You may be right if that’s your worst fear.
He held her closer and stroked her hair. He had so much to say, and didn’t have the words to say any of it. She deserved to know what was going on — if she was in the midst of something that had the potential to be unsafe. The brutal truth was if he walked away — got back on the road and apologized to Gulielmus — Gulielmus would probably leave Ariel alone. She was just a small fish in a really large pond. To John, though, she was the pond itself. She had the potential to give him everything he craved from life. Home. Hearth. Stability. Affection. Maybe even a couple of vaguely supernatural offspring.
“Hey, Ariel?”
“Hmm?”
Her response was slow, groggy, so he didn’t think she’d hang in there much longer. It probably wasn’t a good time for deep conversations, but when else to ask her except when she was still?

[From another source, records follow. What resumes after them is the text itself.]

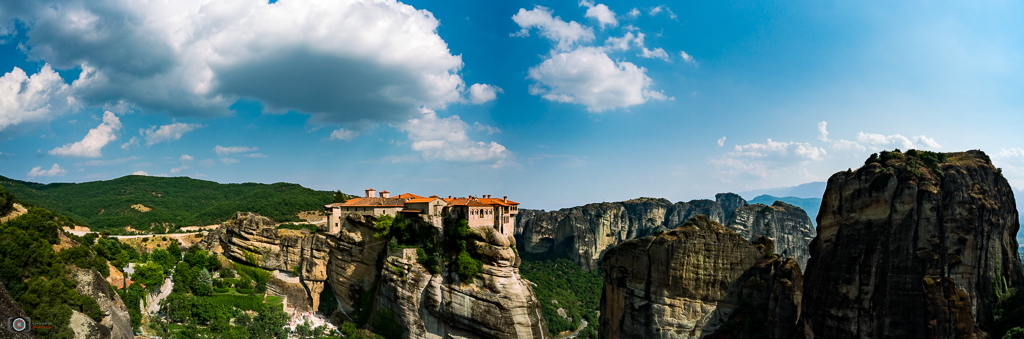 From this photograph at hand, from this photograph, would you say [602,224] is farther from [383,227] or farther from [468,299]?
[468,299]

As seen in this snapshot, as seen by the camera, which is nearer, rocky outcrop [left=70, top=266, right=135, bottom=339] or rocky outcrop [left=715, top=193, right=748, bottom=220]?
rocky outcrop [left=70, top=266, right=135, bottom=339]

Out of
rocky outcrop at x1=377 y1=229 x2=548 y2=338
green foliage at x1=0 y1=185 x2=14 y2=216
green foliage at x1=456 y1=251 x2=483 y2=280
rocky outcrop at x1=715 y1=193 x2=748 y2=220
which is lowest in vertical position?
rocky outcrop at x1=377 y1=229 x2=548 y2=338

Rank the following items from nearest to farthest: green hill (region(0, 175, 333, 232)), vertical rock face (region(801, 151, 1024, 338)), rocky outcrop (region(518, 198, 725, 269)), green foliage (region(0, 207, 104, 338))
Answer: vertical rock face (region(801, 151, 1024, 338)) → green foliage (region(0, 207, 104, 338)) → green hill (region(0, 175, 333, 232)) → rocky outcrop (region(518, 198, 725, 269))

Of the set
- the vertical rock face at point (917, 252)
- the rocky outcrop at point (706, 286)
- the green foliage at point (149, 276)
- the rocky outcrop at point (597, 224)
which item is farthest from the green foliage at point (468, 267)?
the rocky outcrop at point (597, 224)

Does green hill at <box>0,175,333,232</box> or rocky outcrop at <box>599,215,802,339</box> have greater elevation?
green hill at <box>0,175,333,232</box>

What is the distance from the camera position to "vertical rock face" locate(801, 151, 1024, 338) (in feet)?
54.7

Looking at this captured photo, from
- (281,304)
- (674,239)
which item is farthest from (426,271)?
(674,239)

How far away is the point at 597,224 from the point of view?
381 feet

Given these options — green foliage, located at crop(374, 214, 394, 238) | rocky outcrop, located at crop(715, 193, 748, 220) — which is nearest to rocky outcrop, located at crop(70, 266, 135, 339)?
green foliage, located at crop(374, 214, 394, 238)

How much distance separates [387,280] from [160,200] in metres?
85.4

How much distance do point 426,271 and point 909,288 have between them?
3549 centimetres

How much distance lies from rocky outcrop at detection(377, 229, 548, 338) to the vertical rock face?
2417 centimetres

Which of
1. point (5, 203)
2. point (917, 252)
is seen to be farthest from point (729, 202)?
point (5, 203)

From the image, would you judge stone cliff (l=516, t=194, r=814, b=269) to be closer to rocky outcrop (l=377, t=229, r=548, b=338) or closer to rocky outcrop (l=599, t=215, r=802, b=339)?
rocky outcrop (l=377, t=229, r=548, b=338) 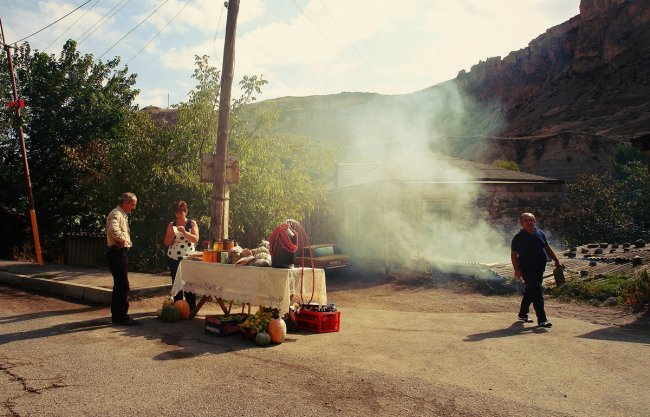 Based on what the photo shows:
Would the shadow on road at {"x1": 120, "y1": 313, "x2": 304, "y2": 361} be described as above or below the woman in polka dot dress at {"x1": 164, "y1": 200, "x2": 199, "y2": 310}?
below

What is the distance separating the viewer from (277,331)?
6344mm

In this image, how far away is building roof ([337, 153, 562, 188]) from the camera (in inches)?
717

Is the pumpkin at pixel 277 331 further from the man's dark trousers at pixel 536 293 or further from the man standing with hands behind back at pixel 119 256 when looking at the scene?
the man's dark trousers at pixel 536 293

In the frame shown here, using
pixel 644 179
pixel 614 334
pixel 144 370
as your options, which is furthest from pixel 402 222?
pixel 144 370

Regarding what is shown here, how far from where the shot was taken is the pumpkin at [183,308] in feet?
26.3

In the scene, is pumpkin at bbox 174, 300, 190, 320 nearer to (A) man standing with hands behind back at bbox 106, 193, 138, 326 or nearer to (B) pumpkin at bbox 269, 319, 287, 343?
(A) man standing with hands behind back at bbox 106, 193, 138, 326

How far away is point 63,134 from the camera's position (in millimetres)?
19344

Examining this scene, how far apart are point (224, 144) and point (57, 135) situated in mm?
12845

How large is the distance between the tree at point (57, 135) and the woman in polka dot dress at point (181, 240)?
11.8 metres

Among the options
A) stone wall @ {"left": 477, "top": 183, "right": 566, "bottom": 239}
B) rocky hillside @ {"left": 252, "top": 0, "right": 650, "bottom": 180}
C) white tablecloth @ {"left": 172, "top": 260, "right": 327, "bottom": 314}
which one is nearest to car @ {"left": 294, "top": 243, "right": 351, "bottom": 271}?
stone wall @ {"left": 477, "top": 183, "right": 566, "bottom": 239}

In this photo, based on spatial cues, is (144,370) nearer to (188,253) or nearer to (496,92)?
(188,253)

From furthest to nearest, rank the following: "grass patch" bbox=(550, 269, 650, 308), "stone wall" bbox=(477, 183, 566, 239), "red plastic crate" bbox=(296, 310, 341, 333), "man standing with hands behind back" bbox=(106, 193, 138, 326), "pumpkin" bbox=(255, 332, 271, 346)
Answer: "stone wall" bbox=(477, 183, 566, 239) < "grass patch" bbox=(550, 269, 650, 308) < "man standing with hands behind back" bbox=(106, 193, 138, 326) < "red plastic crate" bbox=(296, 310, 341, 333) < "pumpkin" bbox=(255, 332, 271, 346)

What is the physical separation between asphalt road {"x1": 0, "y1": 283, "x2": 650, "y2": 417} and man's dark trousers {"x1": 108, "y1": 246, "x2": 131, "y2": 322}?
1.09 ft

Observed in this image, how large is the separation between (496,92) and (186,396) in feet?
336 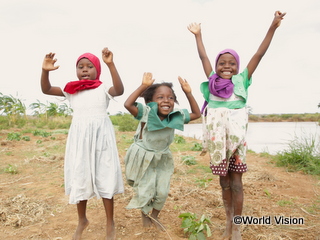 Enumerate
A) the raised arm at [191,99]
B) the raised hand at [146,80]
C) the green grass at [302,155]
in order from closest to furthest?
the raised hand at [146,80]
the raised arm at [191,99]
the green grass at [302,155]

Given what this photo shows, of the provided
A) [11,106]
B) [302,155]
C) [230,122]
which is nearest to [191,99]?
[230,122]

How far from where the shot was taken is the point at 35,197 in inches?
155

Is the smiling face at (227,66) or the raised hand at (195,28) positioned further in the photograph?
the raised hand at (195,28)

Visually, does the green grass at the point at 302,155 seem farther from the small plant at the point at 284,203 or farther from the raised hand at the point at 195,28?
the raised hand at the point at 195,28

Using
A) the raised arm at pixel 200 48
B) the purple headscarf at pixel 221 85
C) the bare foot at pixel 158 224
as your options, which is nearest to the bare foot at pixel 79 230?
the bare foot at pixel 158 224

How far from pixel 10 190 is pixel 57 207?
126cm

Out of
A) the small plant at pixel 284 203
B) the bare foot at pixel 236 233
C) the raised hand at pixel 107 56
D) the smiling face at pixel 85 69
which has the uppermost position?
the raised hand at pixel 107 56

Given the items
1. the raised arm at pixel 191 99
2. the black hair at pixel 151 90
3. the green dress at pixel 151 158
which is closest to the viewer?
the green dress at pixel 151 158

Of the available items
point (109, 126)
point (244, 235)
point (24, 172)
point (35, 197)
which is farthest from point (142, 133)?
point (24, 172)

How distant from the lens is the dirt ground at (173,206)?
286 cm

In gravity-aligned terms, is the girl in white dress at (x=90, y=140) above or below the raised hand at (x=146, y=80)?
below

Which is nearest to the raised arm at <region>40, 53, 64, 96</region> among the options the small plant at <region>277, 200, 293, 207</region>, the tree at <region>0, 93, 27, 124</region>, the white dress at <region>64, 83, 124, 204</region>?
the white dress at <region>64, 83, 124, 204</region>

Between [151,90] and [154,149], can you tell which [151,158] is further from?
[151,90]

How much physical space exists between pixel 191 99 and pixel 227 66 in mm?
488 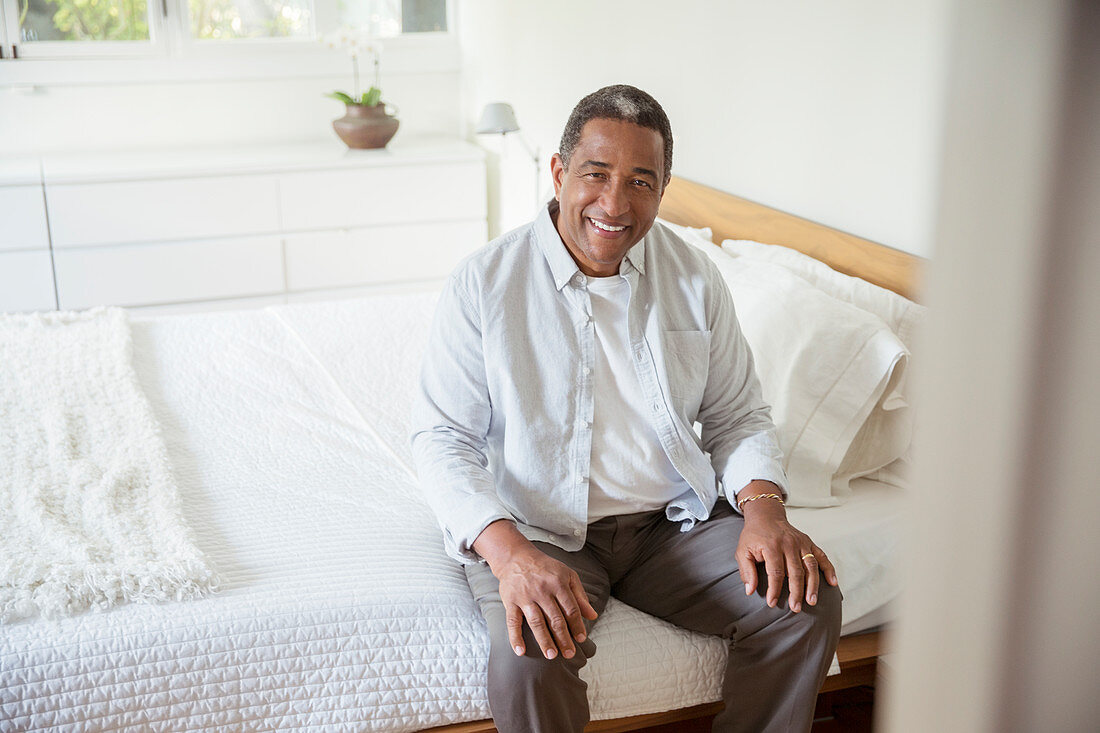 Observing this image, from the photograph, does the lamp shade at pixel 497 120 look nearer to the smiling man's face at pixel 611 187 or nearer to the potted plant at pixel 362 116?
the potted plant at pixel 362 116

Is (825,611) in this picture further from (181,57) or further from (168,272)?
(181,57)

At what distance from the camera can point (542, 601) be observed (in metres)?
1.27

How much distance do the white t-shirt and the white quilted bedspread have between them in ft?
0.55

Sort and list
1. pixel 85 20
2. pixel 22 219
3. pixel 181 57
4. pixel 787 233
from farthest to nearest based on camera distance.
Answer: pixel 181 57 < pixel 85 20 < pixel 22 219 < pixel 787 233

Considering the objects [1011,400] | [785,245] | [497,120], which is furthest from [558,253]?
[497,120]

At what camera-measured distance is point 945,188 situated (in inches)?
7.5

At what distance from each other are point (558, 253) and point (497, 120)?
1808 millimetres

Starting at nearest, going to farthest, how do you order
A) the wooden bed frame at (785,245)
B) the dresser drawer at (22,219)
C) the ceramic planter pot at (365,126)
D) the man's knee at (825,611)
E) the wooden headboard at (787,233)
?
the man's knee at (825,611) < the wooden bed frame at (785,245) < the wooden headboard at (787,233) < the dresser drawer at (22,219) < the ceramic planter pot at (365,126)

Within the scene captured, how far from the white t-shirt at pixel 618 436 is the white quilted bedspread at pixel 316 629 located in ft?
0.55

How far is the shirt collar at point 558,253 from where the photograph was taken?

“How would you classify our relationship?”
“That’s a weird question.”
“I don’t think so.”
She yawned again and shifted her hand so it was wedged between his thighs. He tried to think chilly thoughts, but he suspected his other head would think independently as usual. That’d kill the mood he was going for.
“Give me some parameters, here.”
“Okay. Where do you see this going?”
“Going? I dunno. I’ve known you a week. Feels like longer, though. I like you a lot. I want to keep ya.”